> RECORD SET
.....

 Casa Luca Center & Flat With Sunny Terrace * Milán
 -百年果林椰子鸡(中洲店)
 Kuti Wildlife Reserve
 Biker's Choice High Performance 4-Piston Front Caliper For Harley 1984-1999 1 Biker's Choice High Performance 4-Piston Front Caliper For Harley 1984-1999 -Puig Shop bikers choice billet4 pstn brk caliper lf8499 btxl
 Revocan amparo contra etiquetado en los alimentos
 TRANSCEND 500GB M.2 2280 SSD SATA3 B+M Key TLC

.....

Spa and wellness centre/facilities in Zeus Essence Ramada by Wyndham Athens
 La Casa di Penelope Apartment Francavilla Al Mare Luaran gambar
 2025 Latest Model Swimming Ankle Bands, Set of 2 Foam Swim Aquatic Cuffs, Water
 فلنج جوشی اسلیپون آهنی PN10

.....

> TASK DETAILS
The response should be the listing above, limited to the lines between the one holding "Revocan amparo contra" and the one holding "TRANSCEND 500GB M.2", inclusive, reproduced exactly.

> RESULT OF THIS EXERCISE
 Revocan amparo contra etiquetado en los alimentos
 TRANSCEND 500GB M.2 2280 SSD SATA3 B+M Key TLC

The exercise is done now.